Pues a grandes rasgos es una ciudad portuaria china donde viven más de siete
millones de personas; fue sede de las pruebas de vela de los Juegos Olímpicos
de Pekín; es el centro de producción de la cerveza Tsingtao, una de las más
vendidas del mundo, y hace poco ha empezado a construir un metro desde cero. En Qingdao se palpa la China urbana actual,
loca por el consumo aunque indiferente a las falsificaciones que colapsan unos
mercadillos callejeros que apenas dejan espacio libre en las calles del centro
de la ciudad. En las afueras, la universidad actúa como otra población en sí
misma, con sus restaurantes, sus tiendas, sus residencias. Es allí donde
compramos un billete con destino a Xi’an con el que empezar nuestro periplo en
tren por la China interior. Una travesía que da mucho que pensar sobre la
vertiginosa transformación que está experimentando la segunda potencia mundial
y el talante con el que sus gentes se están adaptando a los cambios.
A partir de ahora, megalópolis perdidas en el mapa de las que nunca has oído hablar se alternarán con pueblecitos encajados entre gargantas rocosas; a las construcciones mastodónticas de torres de apartamentos en serie les seguirán los interminables arrozales. Todo ello condimentado con muchos, muchos chinos que cruzan a diario el país, de las zonas rurales a los núcleos urbanos y viceversa. Como ya nos ocurrió en Rusia, un vagón de tren resulta un observatorio privilegiado para asomarse a la verdadera esencia de un país.

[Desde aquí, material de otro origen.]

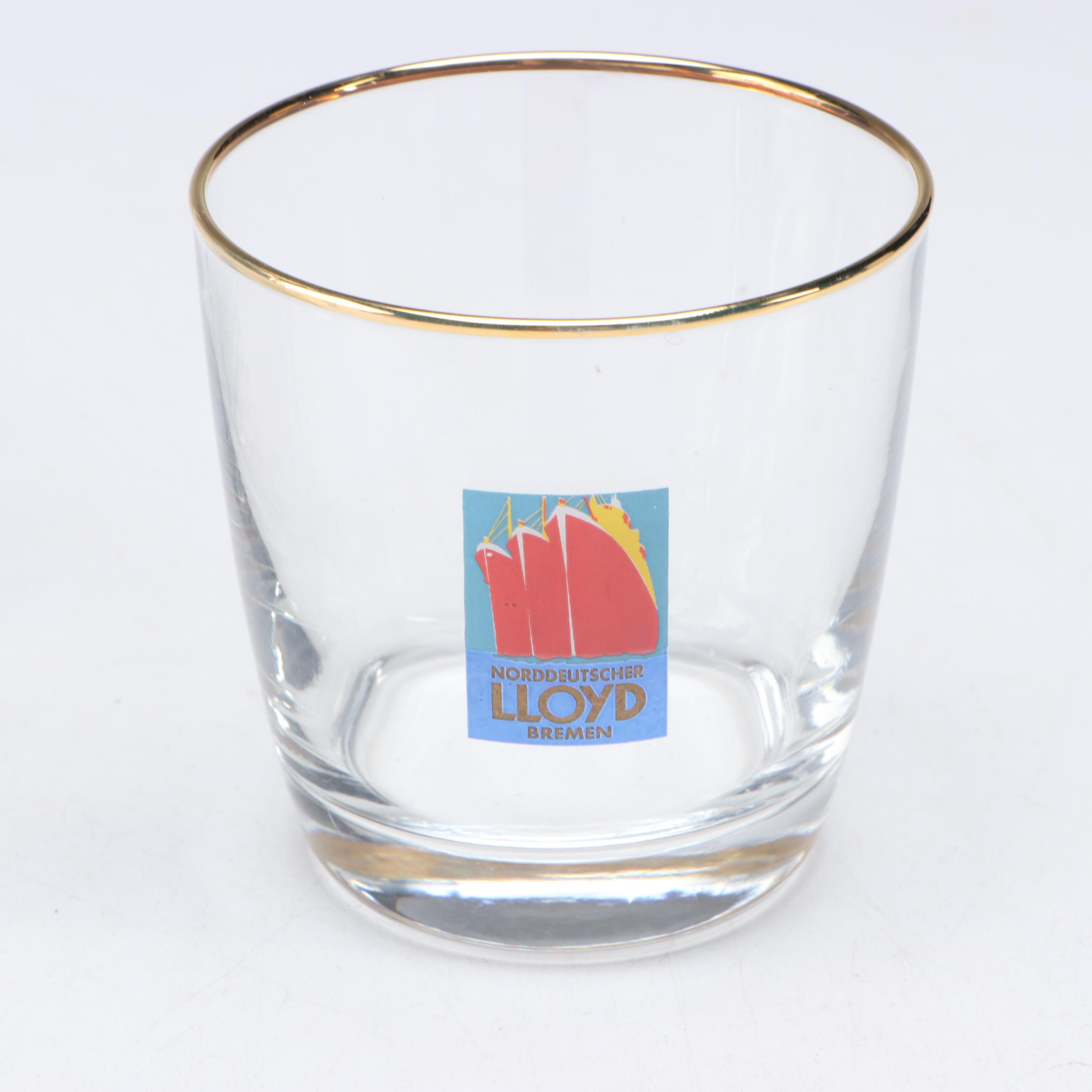 S.S. United States Decanter with Other Ocean Liner Old Fashioned Glasses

Xi’an, hogar de los archiconocidos guerreros de terracota, es además un frenético nudo ferroviario que hace que la explanada frente a la estación se asemeje a un campo de refugiados. Hordas de turistas comparten el atestado espacio de autobuses de dos plantas con adolescentes chinos vestidos a la última moda y ancianos que cargan fardos de su propio peso. Las murallas de la ciudad, perfectamente conservadas e ideales para recorrer en bicicleta, encierran un barrio musulmán rodeado de estrechos callejones donde todo lo imaginable es susceptible de regateo. Visitar a la armada de terracota es como pasar la mañana en un parque temático tan del siglo XXI que es inevitable que el portento arqueológico pierda encanto.
En cuanto nos alejamos del triángulo turístico al uso
(Shanghai, Pekín y Xi’an), si algún viajero lleva una cámara en tu vagón, tarde
o temprano te obligará con empellones a hacerte una foto sonriente con él. Podríamos
rellenar más de un álbum de fotos nuestras con chinos que hace poco estrenaron
su cámara de alta gama y están aprendiendo cómo utilizarla.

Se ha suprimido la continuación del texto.